**** SUPPLIED DATA

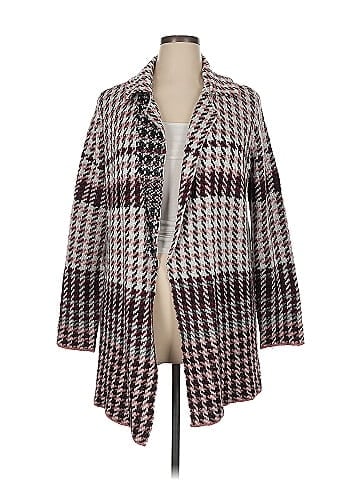 Signature Studio Cardigan (view 1)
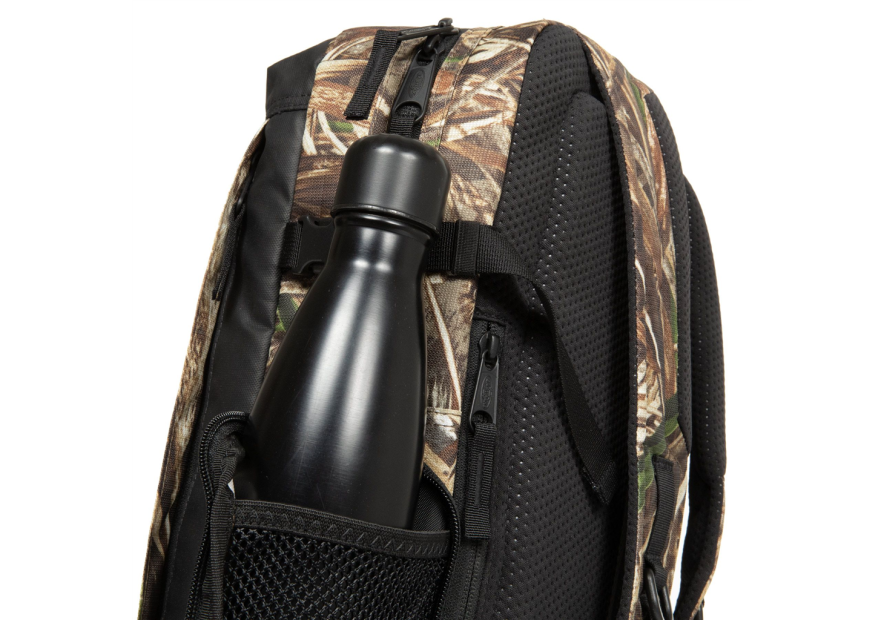 Eastpak K91D - POLYESTER - REALTREE CAMO sac à dos tecum m cnnct eastpak sac a dos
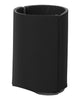 Liberty Bags Can Holder, Insulated Beverage Cooler - FT001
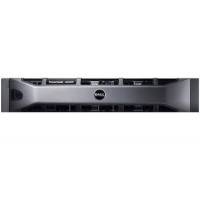 сетевое хранилище Dell PowerVault MD3200 210-33117-005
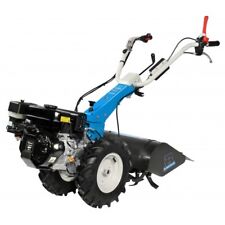 Motoculteur À Essence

********

● BRIEF
Omit all pictures and write out, exactly, only the lines from the line containing "Eastpak K91D - POLYESTER" through the last line of the entries above.

● ANSWER TO THE PROBLEM
 Eastpak K91D - POLYESTER - REALTREE CAMO sac à dos tecum m cnnct eastpak sac a dos
 Liberty Bags Can Holder, Insulated Beverage Cooler - FT001
 сетевое хранилище Dell PowerVault MD3200 210-33117-005
 Motoculteur À Essence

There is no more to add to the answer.